O Ministro da Saúde disse que
gostaria de criar planos de saúde privados mais baratos para
desonerar o SUS. A declaração precisa ser analisada com enorme
cuidado. Em primeiro lugar porque vai na contramão da Constituição
Federal, que determina que saúde é direito de todos e dever do
Estado e coloca o sistema de saúde privado como suplementar do
sistema público. Em segundo lugar, fere mantras sagrados de vários
interessados no assunto, que dizem que a saúde deve ser pública e
que os planos de saúde privados são a reencarnação do demônio. Como
se não bastasse, a única forma de viabilizar a ideia passa pela
redução dos procedimentos atualmente cobertos, o que, com certeza,
encontraria forte resistência no Judiciário.
De qualquer forma, para viabilizar
o tema, é fundamental a revisão da Lei dos Planos de Saúde
Privados. A Lei engessa as operadoras, obrigando-as a oferecerem
produtos que podem não ser interessantes para um grande número de
segurados e que, evidentemente, encarecem os planos, sem melhorar a
rentabilidade das operadoras.
Se a ideia do Ministro da Saúde
evoluir até o ponto de permitir rever a Lei, já terá sido uma boa
coisa para o país. Mesmo que a Lei continue ruim, dificilmente
conseguirão piorá-la. E apenas a derrubada dos atuais procedimentos
mínimos obrigatórios será uma vitória para a população, que terá um
sistema mais transparente, sólido e capaz de atender melhor suas
necessidades de saúde.
Hoje, por exemplo, uma freira
carmelita descalça de 80 anos de idade, há 60 anos afastada do
mundo, trancada no convento, que contrate um plano de saúde privado
terá cobertura para parto e AIDS. É um absurdo, mas é a lei. Nossa
freira terá que pagar por procedimentos que jamais fará uso e não
adianta ela dizer que não quer.
Por outro lado, na medida em que o
Governo, em função de toda sorte de desmandos e corrupção, tem cada
vez menos dinheiro para colocar na saúde da população, as
operadoras de planos de saúde privados estão tendo que arcar com
despesas excluídas de seus planos, ou porque o Governo faz
demagogia ou porque os tribunais mandam pagar.
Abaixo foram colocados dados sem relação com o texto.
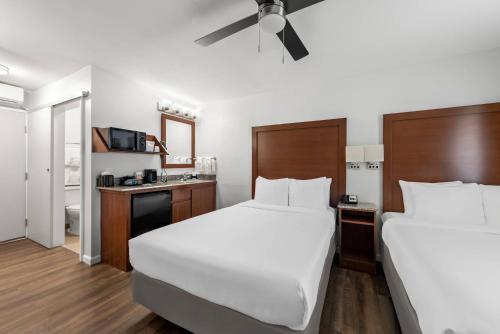 a hotel room with two beds and a kitchen at Comfort Inn Gaslamp Convention Center in San Diego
Isto, somado à crise
sem precedentes que atinge o Brasil, está complicando o quadro, com
dezenas de operadoras às portas da quebra porque a soma da
antecipação dos atendimentos por medo do desemprego com o
desemprego real aumenta seus custos e reduz suas receitas.
Mexer na Lei dos Planos de Saúde
Privados seria quase que um ato de patriotismo. Ela é uma das
piores leis votadas em todos os tempos. Todos que militam na área
sabem as razões porque, em 1998, foi tirada da gaveta onde dormia
em berço esplendido e votada a toque de caixa, do jeito que estava,
para ser modificada por dezenas de Medidas Provisórias, a primeira
delas baixada 24 horas depois da Lei entrar em vigor.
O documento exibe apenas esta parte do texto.